It’s been a while since I posted anything and I had a bit of time tonight, so here I am. Posting. 

Insanity. I think many writers face it from time to time. I know I do. Life in general drives a person to it. It my case family contributes, along with my personal muse: Chaos. 

I’ve been away for awhile doing edits on “Seven Circles”. My Beta Readers or Designated Readers, have all chimed in and I’ve collected all of their comments. A HUGE thank you! To those who have helped – you know who you are. I couldn’t have done it without you! I’ve been doing some re-writes -clarifying plot points, character motives and setting details. It’s been time consuming and attention consuming. Staying focused has been important. I’m just about done now and the results are a story I’m extremely proud of.

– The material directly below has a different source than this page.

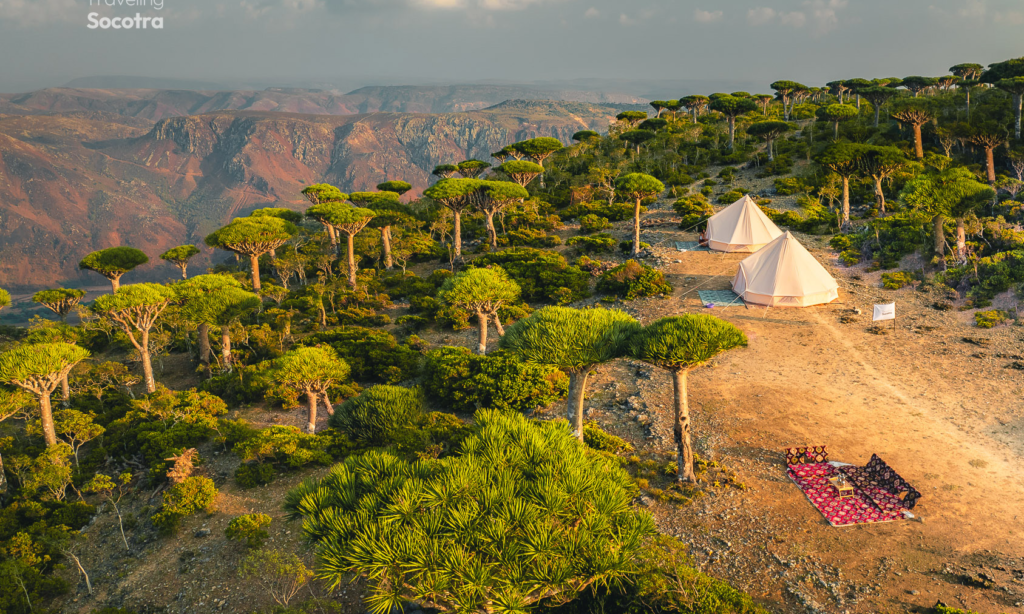 A premium private luxury glamping tent lit up at twilight beneath the unique umbrella-shaped canopies of the Dragon's Blood trees in Fermihin Forest on Socotra Island, Yemen, during a VIP safari with Lux Orient.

So with the near completion of edits, I’ve begun the search for an agent, and started working on my query letter. After all the time I’ve put into writing the novel and polishing it, I’m not taking any chances with this aspect of the process. I’ve been doing my research and a good bit of reading to be sure the agents I select are appropriate and that I tailor my queries to the
right people.

What else am I up to? Well, I have plans to attend a writing conference in August, and I’m looking into some online workshops. Anything that will help me improve my craft. I’ve been holed up writing for almost two months now and I’m looking forward to the next step. Insanity is an adventure. This one promises to be an exciting one.